##### Information supplied

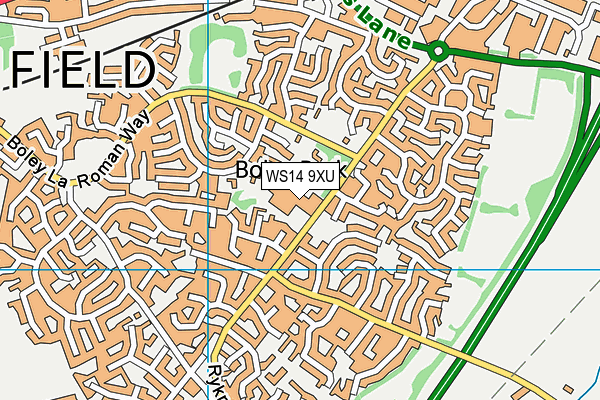 Lichfield Health & Fitness Club map (WS14 9XU) - OS VectorMap District (Ordnance Survey)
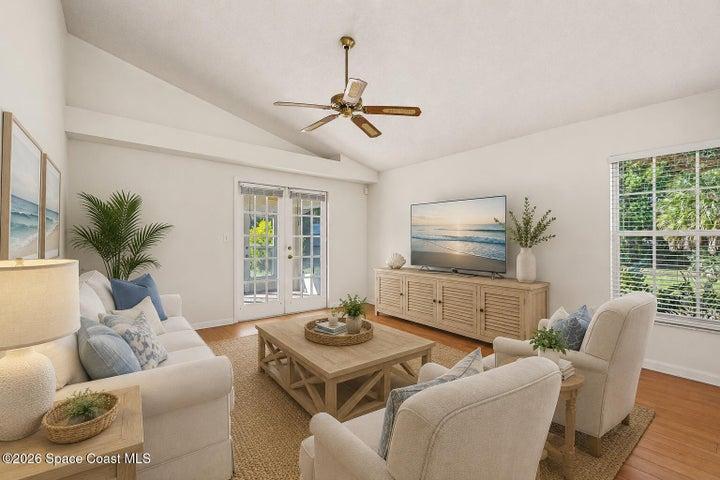 Virtually Staged Family Room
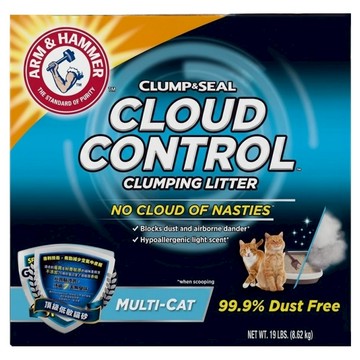 ARM&HAMMER 貓砂 Clump & Seal 有效減少皮屑 7天無臭 多貓適用  低敏  頂級低敏  8.62kg  1盒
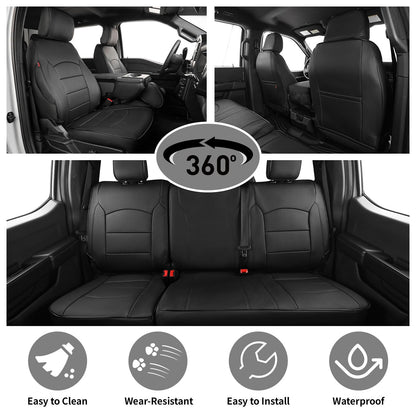EKR F150 seat covers — Custom fit faux leather for 2011-2014 Ford F150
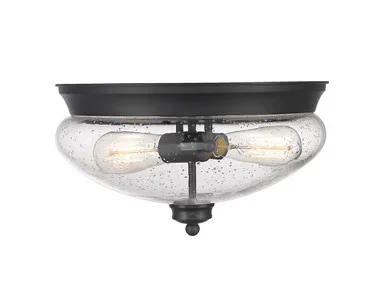 Amon Two Light Flush Mount (722F2-MB)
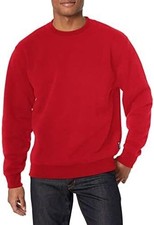 Men's Fleece Crewneck Sweatshirt Thermal Warm Casual Outdoor Wear Soft Touch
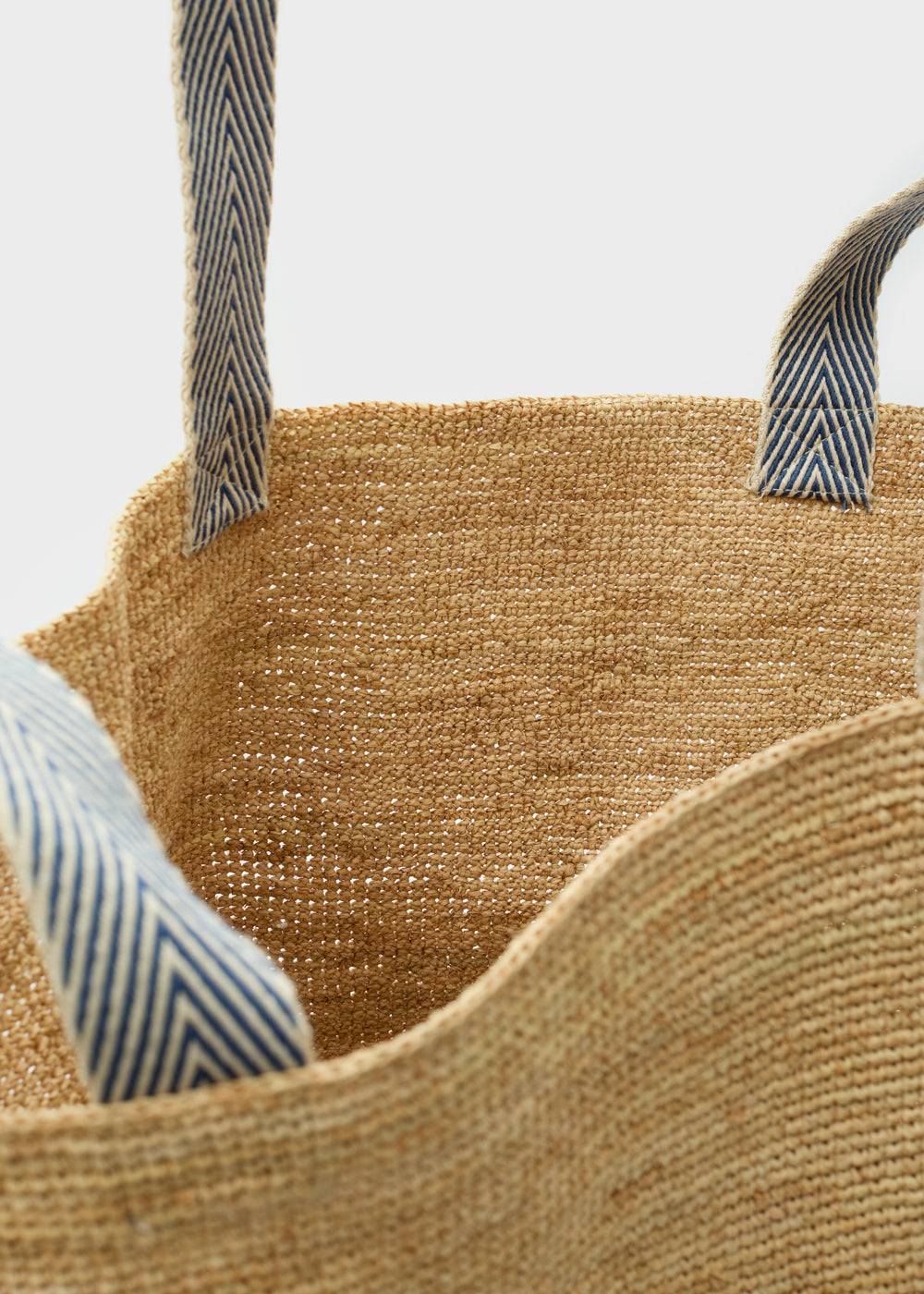 Nalí DEVON SHOPPER BAG IN RAFFIA + COLORS Promozione temporanea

##########

## [Exercise details]
All pictures are to be dropped, and the records above returned exactly.

## [Task solution]
 Lichfield Health & Fitness Club map (WS14 9XU) - OS VectorMap District (Ordnance Survey)
 Virtually Staged Family Room
 ARM&HAMMER 貓砂 Clump & Seal 有效減少皮屑 7天無臭 多貓適用  低敏  頂級低敏  8.62kg  1盒
EKR F150 seat covers — Custom fit faux leather for 2011-2014 Ford F150
 Amon Two Light Flush Mount (722F2-MB)
 Men's Fleece Crewneck Sweatshirt Thermal Warm Casual Outdoor Wear Soft Touch
 Nalí DEVON SHOPPER BAG IN RAFFIA + COLORS Promozione temporanea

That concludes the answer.